Space VDI Platform Development: New Functionality and Features of Releases 5.3-5.4

Event program: cluster architecture, fault-tolerant scheme, scaling, Space Agent PC (VDA) and Space Gateway.

Today's speaker: Ruslan Belov, Product Director of Space VDI.

Today we will talk about what was released in the latest releases of Space VDI 5.3, which appeared after the 4th quarter of 2023, and Space VDI 5.4, which was released just a month ago.

The VDI ecosystem is a set that includes the following components:

- Space VM cloud platform for centralized infrastructure management,

- Space Disp software (Space Disp) – a connection dispatcher for virtual desktops, responsible for connecting users to assigned virtual desktops,

- Space Client, a proprietary connection client to the VDI infrastructure with support for Windows, Linux, and macOS.

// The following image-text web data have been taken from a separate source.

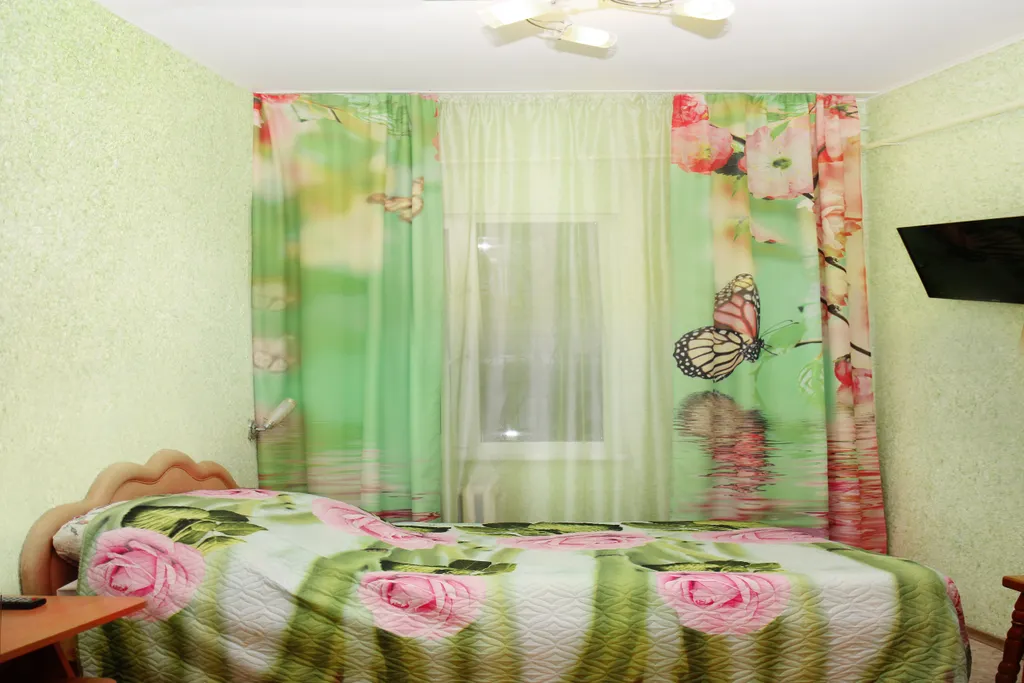 2-комнатная Квартира — аренда посуточно в Алушта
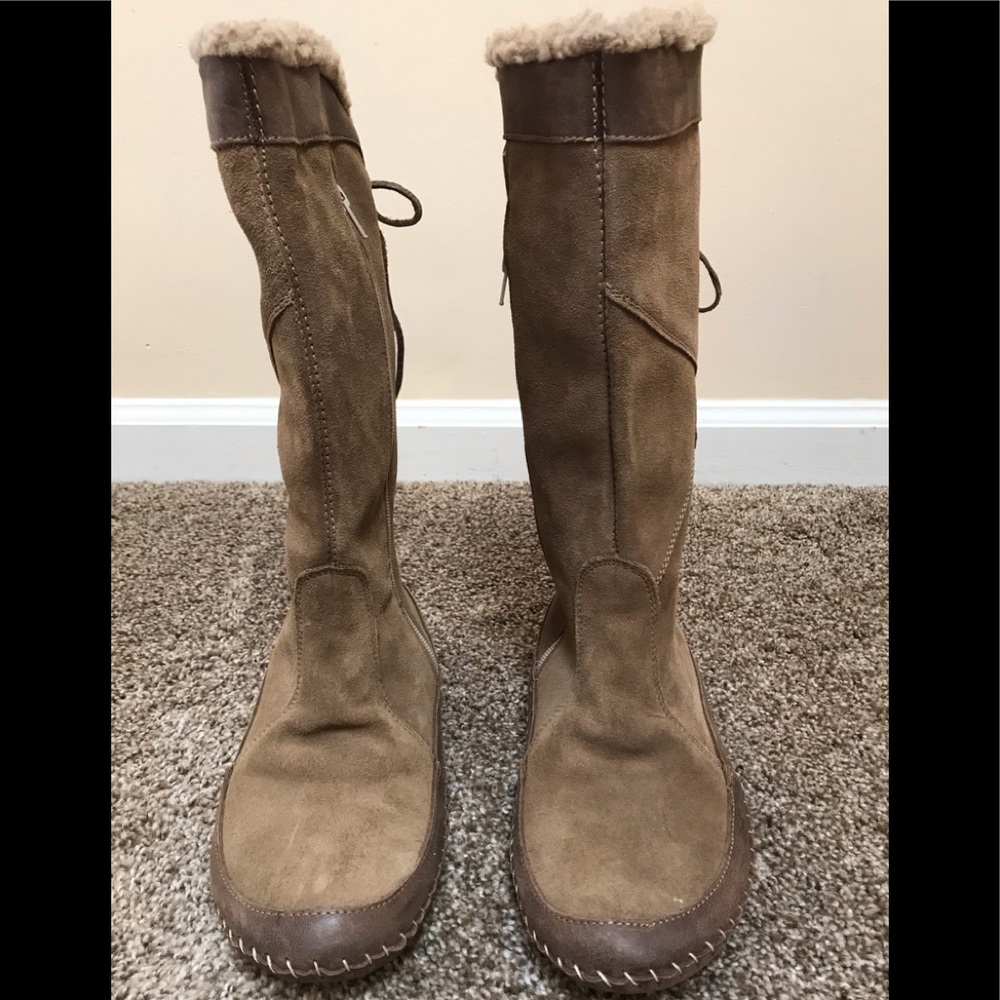 Lassen brown leather lace up boots size 9.5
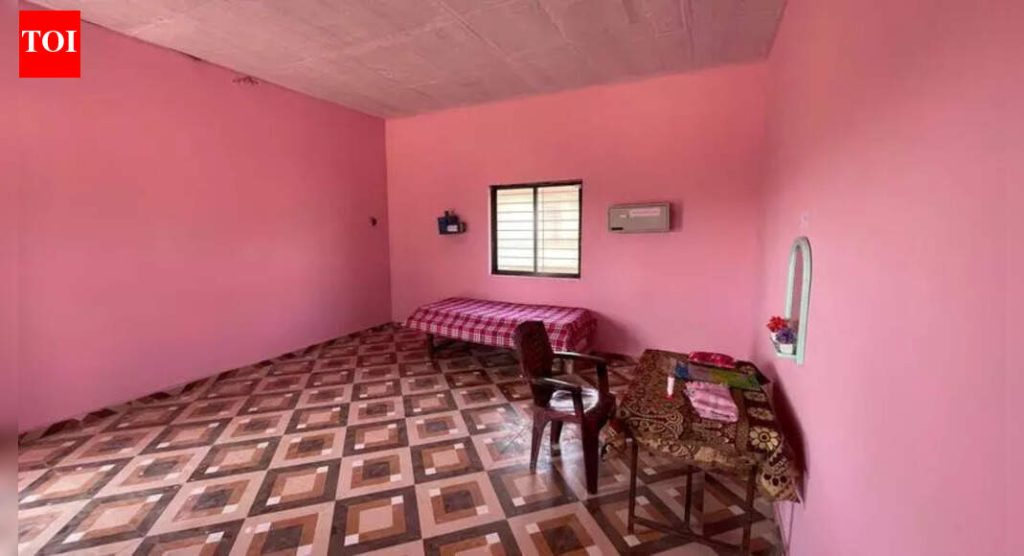 गुलाबी खोल्या शाळेतील किशोरवयीन मुलींसाठी सर्व फरक करतात | पुणे बातम्या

Today we will be talking about Space Disp. We have divided the changes into 5 categories: cluster architecture, fault-tolerant scheme, scaling usage, Space Agent PC (VDA), and Space Gateway. We decided to abandon the single dispatcher instance and switch to a multi-dispatcher. This allowed us to create a fault-tolerant scheme and expand the scaling options for the infrastructure itself. In addition, we added the ability to connect physical machines and added functionality such as Space Agent PC, a utility that is installed on physical machines and allows you to transmit information about their status. In the future, this agent can be used to manage the machine itself and configure its configuration. For security, we have improved our IS gateway.

Let's move on to the topic of cluster architecture, and define the entities that will be used here.

The first entity is HOST – a virtual machine or physical server with pre-installed ASTRA Linux 1.7.5 – "Smolensk", we do not yet support other operating systems. You can assign a specific role to the host with the OS: Leader, Manager, and DB (database). Leader and Manager will participate in load distribution in the management cluster, and the database will be located in the data cluster. There is also an element here called a balancer (BL), which distributes the load between the hosts.

The management cluster can act as Leader and Manager. Leader is the main host that takes on the tasks of connecting and conducting internal background services. Manager combines all Frontend and Backend containers. This is done so that in the event of a Leader failure, it is possible to obtain information about the status of containers and other data. In the event of a Leader failure, it is possible to access the web interface itself through the Manager.

Regarding the data cluster. Initially, it consisted only of the database itself, but after its expansion with the possibility of replication. Since release 5.4, standard database tools have been used for replication. There are no restrictions on setting up the replicated database and the replication options themselves. Availability to data from both DBs is ensured.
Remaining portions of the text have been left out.